Network Mac and PC

bryanfilm

Registered
This is my first post at this site. I have looked fairly extensively through the posts to try to find a solution to my problem but have not been succesful. Here is my problem:

I have a Mac running OS X 10.2 and a laptop running windows xp both the mac and the pc are running through a ethernet Hub that connects to my ADSL Ethernet Modem. They both connect to the internet fine. My problem is that I want to be able to connect to my pc and visa versa with the mac. I do know that the ip addresses for both computers change frequently (i guess they are dynamic ip addresses assigned by my isp?) If I try to ping my mac from windows xp it works. But if I try to ping the pc from osx it doesn't find my pc with the ip currently assigned. However if I assign a manual ip address it will ping it. My problem is how to connect each system and what settings should I be using on the pc side and mac side so that I can share my files with the set up that I currently have?
 
OK, so your PC can ping your Mac, which means that if you turn on Windows file sharing and/or FTP access in the Mac's Sharing preferences pane, the PC should have no trouble seeing it. You can turn on printer sharing too, though your PC will need to have a Windows component called "Unix print services" (installed through the network control panel I believe) in order for your PC to use the Mac's printer.

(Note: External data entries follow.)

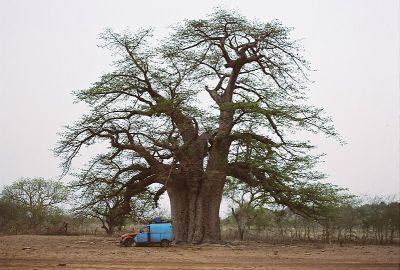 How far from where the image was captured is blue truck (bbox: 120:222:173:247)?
760 inches

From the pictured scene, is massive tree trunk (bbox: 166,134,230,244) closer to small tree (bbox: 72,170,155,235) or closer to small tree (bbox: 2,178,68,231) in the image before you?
small tree (bbox: 72,170,155,235)

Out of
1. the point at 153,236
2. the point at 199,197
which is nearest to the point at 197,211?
the point at 199,197

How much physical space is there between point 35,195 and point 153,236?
3327 centimetres

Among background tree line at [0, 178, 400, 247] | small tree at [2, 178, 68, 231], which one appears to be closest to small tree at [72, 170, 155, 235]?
background tree line at [0, 178, 400, 247]

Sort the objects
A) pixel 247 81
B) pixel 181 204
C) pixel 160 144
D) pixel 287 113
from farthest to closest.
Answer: pixel 247 81, pixel 181 204, pixel 160 144, pixel 287 113

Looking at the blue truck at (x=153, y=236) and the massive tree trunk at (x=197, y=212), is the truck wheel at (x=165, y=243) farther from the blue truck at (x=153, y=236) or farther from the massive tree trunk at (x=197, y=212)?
the massive tree trunk at (x=197, y=212)

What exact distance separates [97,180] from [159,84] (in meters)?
5.42

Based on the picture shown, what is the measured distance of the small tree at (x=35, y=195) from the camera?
44594mm

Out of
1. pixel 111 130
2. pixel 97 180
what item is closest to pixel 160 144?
pixel 111 130

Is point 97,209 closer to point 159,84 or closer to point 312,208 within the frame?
point 159,84

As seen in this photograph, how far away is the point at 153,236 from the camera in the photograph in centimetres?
1942

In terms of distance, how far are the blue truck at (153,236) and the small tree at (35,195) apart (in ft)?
86.5

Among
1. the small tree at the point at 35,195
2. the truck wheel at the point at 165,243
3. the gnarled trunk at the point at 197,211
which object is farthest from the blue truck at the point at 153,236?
the small tree at the point at 35,195

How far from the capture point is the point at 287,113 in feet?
55.7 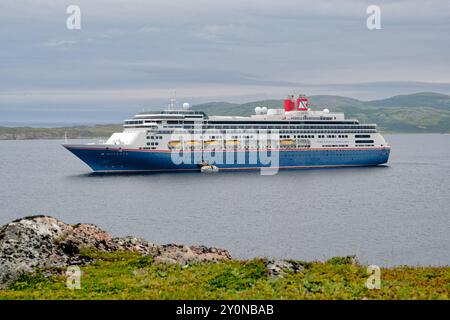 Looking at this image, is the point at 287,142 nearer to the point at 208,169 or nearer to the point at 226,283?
the point at 208,169

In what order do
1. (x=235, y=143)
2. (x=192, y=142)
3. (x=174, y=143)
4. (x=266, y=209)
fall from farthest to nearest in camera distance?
(x=235, y=143) < (x=192, y=142) < (x=174, y=143) < (x=266, y=209)

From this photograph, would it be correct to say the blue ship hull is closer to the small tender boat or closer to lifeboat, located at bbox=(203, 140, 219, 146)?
the small tender boat

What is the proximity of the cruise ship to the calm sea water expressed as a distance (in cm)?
424

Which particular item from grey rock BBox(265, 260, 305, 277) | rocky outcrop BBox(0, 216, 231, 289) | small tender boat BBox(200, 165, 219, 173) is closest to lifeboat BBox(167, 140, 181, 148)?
small tender boat BBox(200, 165, 219, 173)

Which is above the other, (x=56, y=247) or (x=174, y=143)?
(x=174, y=143)

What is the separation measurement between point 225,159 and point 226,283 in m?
83.9

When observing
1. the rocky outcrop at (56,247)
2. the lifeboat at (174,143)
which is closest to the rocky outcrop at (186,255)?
the rocky outcrop at (56,247)

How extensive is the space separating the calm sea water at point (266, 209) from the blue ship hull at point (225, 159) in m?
3.27

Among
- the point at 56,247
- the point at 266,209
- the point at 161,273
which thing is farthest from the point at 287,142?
the point at 161,273

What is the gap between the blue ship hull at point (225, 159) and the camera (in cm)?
9019

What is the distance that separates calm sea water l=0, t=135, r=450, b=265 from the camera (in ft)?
127

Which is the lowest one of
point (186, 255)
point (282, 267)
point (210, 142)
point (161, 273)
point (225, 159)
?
point (225, 159)

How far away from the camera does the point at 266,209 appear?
5697cm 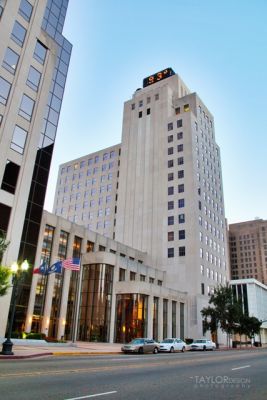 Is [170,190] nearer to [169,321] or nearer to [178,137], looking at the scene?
[178,137]

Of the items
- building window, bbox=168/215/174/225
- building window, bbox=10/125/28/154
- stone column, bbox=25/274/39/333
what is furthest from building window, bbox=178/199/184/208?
building window, bbox=10/125/28/154

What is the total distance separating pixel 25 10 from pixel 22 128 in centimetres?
1484

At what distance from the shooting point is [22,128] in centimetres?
3691

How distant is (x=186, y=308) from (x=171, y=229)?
16437 mm

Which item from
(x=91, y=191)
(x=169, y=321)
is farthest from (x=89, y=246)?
(x=91, y=191)

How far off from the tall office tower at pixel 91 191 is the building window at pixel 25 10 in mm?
52683

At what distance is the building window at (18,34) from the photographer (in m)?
37.8

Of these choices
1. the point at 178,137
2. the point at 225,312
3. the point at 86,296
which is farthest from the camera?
the point at 178,137

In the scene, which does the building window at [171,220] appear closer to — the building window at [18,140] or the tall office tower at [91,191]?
the tall office tower at [91,191]

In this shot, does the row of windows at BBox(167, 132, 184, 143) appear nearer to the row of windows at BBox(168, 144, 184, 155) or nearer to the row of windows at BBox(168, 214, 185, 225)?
the row of windows at BBox(168, 144, 184, 155)

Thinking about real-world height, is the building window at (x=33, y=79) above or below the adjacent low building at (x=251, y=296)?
above

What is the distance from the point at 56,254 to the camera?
45781mm

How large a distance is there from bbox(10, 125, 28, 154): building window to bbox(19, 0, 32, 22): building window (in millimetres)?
14063

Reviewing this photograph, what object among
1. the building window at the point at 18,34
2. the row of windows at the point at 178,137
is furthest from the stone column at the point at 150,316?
the row of windows at the point at 178,137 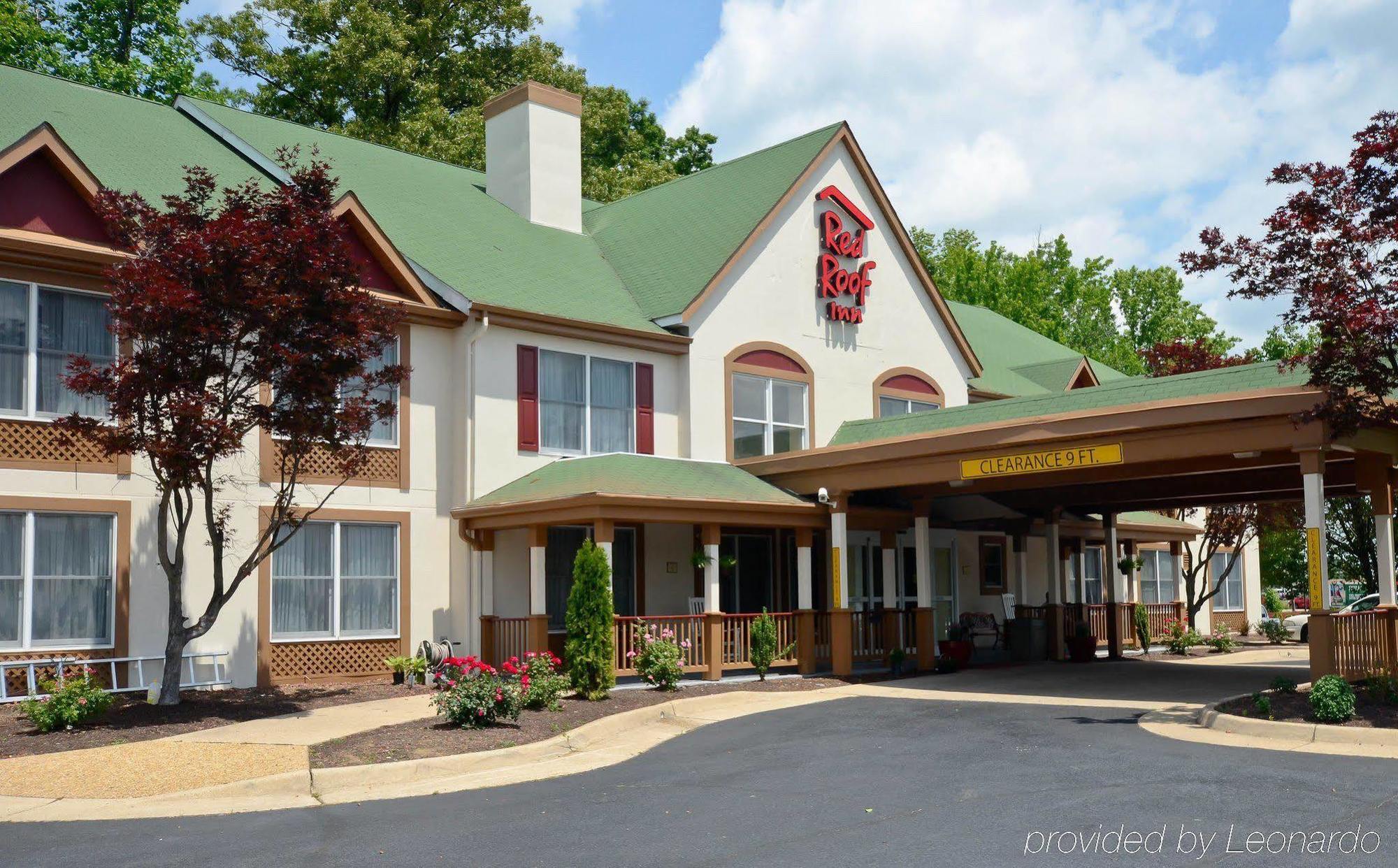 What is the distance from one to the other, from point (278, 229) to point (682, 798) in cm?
918

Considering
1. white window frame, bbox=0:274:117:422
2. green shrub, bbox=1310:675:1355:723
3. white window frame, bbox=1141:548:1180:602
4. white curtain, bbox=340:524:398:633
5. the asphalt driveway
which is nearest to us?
the asphalt driveway

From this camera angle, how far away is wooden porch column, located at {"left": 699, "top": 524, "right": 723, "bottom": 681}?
21969 mm

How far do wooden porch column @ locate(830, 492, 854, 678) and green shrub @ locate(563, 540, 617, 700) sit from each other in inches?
210

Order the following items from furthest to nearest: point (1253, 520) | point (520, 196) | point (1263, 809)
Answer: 1. point (1253, 520)
2. point (520, 196)
3. point (1263, 809)

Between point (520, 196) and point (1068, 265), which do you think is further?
point (1068, 265)

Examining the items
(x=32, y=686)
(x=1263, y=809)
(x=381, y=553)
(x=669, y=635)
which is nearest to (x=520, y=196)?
(x=381, y=553)

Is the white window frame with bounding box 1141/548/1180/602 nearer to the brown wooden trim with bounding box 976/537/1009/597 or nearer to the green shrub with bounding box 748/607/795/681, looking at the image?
the brown wooden trim with bounding box 976/537/1009/597

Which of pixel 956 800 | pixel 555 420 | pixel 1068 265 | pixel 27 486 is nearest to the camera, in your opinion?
pixel 956 800

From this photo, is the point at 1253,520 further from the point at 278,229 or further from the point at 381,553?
the point at 278,229

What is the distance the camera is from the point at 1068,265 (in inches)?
2392

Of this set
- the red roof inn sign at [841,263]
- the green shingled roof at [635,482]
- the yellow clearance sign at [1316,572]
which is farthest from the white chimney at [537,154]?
the yellow clearance sign at [1316,572]

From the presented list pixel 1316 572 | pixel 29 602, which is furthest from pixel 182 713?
pixel 1316 572

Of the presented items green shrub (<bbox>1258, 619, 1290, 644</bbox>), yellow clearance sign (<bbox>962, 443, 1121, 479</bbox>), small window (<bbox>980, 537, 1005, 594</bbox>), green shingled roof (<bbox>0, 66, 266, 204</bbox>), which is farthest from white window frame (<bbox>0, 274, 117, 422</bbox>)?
green shrub (<bbox>1258, 619, 1290, 644</bbox>)

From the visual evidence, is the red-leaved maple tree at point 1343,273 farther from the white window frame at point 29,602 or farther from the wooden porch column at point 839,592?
the white window frame at point 29,602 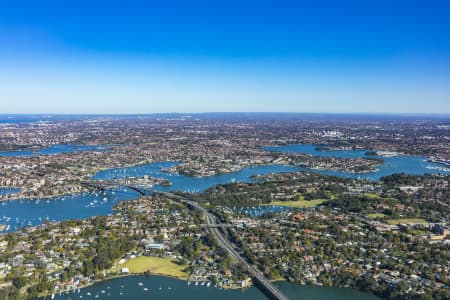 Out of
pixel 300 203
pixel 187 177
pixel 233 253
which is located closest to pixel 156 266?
pixel 233 253

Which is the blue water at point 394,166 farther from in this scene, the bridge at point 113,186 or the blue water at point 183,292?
the blue water at point 183,292

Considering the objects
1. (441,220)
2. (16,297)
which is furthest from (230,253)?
(441,220)

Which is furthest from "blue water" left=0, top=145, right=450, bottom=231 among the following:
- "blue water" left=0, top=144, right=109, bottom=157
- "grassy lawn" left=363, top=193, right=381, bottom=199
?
"blue water" left=0, top=144, right=109, bottom=157

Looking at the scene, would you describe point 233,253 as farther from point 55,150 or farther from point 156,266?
point 55,150

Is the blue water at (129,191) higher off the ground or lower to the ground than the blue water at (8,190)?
lower

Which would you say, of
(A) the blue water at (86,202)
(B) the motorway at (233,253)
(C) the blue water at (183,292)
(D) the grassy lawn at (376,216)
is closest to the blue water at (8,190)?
(A) the blue water at (86,202)

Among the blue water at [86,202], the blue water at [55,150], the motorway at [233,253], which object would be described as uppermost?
the blue water at [55,150]

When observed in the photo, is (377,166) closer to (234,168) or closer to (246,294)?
(234,168)

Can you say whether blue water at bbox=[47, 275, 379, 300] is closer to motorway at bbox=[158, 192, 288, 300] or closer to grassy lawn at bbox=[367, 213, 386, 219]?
motorway at bbox=[158, 192, 288, 300] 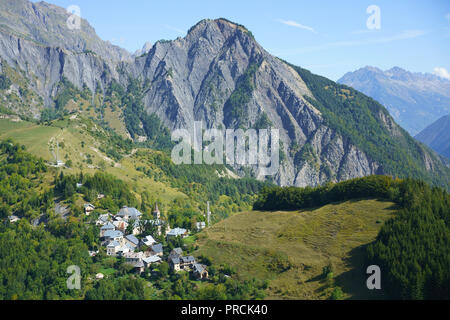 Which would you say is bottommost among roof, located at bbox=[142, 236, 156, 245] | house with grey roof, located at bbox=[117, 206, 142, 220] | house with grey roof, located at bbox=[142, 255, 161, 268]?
house with grey roof, located at bbox=[142, 255, 161, 268]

Now, if you can still work on the Internet with the PC having a manual IP, and can thus ping it, then there's no reason why the Mac shouldn't be able to connect to it o browse files and so on.
 
If I change my the pc ip address then I won't be able to access the Internet with my PC. I want access on both. Is there any way around this?
 
It'd be easier to answer if you post the IP addresses and subnet masks. Then we can tell more about why they're not able to talk to each other correctly.

The other thing you could investigate is whether the DSL modem has the capability to act as a NAT router. If that were the case, you could have a single IP address dynamically assigned to the router, and use static private addresses for your machines (the router does the translation when accessing the Internet). But you'd need help from your ISP to get all that setup.